- Work task -
Exactly the lines below from the one with "Scarf necklace featuring" up to and including the one with "Nevěsta v bílých" make up the answer, with nothing else added.

- Input records -
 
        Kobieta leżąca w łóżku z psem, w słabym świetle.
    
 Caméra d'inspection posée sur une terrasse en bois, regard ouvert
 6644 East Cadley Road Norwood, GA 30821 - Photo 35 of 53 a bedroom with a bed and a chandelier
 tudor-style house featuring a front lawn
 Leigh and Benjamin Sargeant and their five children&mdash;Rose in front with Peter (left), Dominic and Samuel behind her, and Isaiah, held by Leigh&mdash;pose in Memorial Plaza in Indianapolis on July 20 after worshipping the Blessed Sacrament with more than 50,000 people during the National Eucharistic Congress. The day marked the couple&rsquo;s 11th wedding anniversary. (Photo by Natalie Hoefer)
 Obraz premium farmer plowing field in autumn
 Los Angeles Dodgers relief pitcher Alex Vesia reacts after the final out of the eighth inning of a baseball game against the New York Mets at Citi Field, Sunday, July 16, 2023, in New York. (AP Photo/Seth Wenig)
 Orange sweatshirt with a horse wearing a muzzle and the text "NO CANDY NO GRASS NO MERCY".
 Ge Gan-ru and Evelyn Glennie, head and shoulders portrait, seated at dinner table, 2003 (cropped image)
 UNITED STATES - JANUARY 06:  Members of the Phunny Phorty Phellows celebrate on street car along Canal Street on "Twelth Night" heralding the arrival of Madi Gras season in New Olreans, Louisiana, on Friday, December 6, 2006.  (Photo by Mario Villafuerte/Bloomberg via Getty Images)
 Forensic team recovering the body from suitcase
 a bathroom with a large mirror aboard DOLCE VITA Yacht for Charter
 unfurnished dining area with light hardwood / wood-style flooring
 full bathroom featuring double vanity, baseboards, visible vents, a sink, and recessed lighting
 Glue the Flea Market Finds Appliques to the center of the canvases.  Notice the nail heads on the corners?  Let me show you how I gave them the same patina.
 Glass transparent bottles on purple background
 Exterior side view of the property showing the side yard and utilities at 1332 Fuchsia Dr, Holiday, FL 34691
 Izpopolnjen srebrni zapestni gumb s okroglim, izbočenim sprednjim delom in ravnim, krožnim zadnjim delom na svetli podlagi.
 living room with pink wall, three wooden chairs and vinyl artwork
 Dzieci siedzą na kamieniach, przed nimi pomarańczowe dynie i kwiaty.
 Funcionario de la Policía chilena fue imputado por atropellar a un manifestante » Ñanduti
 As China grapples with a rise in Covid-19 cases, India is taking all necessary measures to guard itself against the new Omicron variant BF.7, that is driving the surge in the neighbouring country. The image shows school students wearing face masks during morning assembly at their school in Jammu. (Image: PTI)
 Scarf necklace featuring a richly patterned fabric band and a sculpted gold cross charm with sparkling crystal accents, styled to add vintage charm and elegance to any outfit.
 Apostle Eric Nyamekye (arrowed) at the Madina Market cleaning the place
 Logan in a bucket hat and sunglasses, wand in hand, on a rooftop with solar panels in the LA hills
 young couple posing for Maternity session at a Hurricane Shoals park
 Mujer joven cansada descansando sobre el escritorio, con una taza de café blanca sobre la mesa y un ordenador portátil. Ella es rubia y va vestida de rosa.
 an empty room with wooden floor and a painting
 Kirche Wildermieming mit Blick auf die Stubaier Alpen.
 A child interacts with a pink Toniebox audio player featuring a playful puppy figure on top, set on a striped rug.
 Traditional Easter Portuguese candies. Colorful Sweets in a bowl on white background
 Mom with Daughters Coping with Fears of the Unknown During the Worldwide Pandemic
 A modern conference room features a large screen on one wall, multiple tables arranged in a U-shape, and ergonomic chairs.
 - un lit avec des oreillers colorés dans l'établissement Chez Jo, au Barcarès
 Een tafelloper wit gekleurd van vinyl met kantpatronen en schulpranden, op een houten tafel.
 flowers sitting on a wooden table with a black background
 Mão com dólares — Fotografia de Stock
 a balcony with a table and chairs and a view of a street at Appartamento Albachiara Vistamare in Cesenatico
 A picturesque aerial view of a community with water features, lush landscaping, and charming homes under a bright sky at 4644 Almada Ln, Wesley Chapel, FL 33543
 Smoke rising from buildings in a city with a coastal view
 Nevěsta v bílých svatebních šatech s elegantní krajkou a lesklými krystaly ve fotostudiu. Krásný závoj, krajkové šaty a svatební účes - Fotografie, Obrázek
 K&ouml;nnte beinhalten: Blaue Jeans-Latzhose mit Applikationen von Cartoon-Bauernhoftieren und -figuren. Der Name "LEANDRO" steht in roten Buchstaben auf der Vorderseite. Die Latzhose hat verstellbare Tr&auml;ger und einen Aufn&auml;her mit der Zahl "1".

- Solution -
 Scarf necklace featuring a richly patterned fabric band and a sculpted gold cross charm with sparkling crystal accents, styled to add vintage charm and elegance to any outfit.
 Apostle Eric Nyamekye (arrowed) at the Madina Market cleaning the place
 Logan in a bucket hat and sunglasses, wand in hand, on a rooftop with solar panels in the LA hills
 young couple posing for Maternity session at a Hurricane Shoals park
 Mujer joven cansada descansando sobre el escritorio, con una taza de café blanca sobre la mesa y un ordenador portátil. Ella es rubia y va vestida de rosa.
 an empty room with wooden floor and a painting
 Kirche Wildermieming mit Blick auf die Stubaier Alpen.
 A child interacts with a pink Toniebox audio player featuring a playful puppy figure on top, set on a striped rug.
 Traditional Easter Portuguese candies. Colorful Sweets in a bowl on white background
 Mom with Daughters Coping with Fears of the Unknown During the Worldwide Pandemic
 A modern conference room features a large screen on one wall, multiple tables arranged in a U-shape, and ergonomic chairs.
 - un lit avec des oreillers colorés dans l'établissement Chez Jo, au Barcarès
 Een tafelloper wit gekleurd van vinyl met kantpatronen en schulpranden, op een houten tafel.
 flowers sitting on a wooden table with a black background
 Mão com dólares — Fotografia de Stock
 a balcony with a table and chairs and a view of a street at Appartamento Albachiara Vistamare in Cesenatico
 A picturesque aerial view of a community with water features, lush landscaping, and charming homes under a bright sky at 4644 Almada Ln, Wesley Chapel, FL 33543
 Smoke rising from buildings in a city with a coastal view
 Nevěsta v bílých svatebních šatech s elegantní krajkou a lesklými krystaly ve fotostudiu. Krásný závoj, krajkové šaty a svatební účes - Fotografie, Obrázek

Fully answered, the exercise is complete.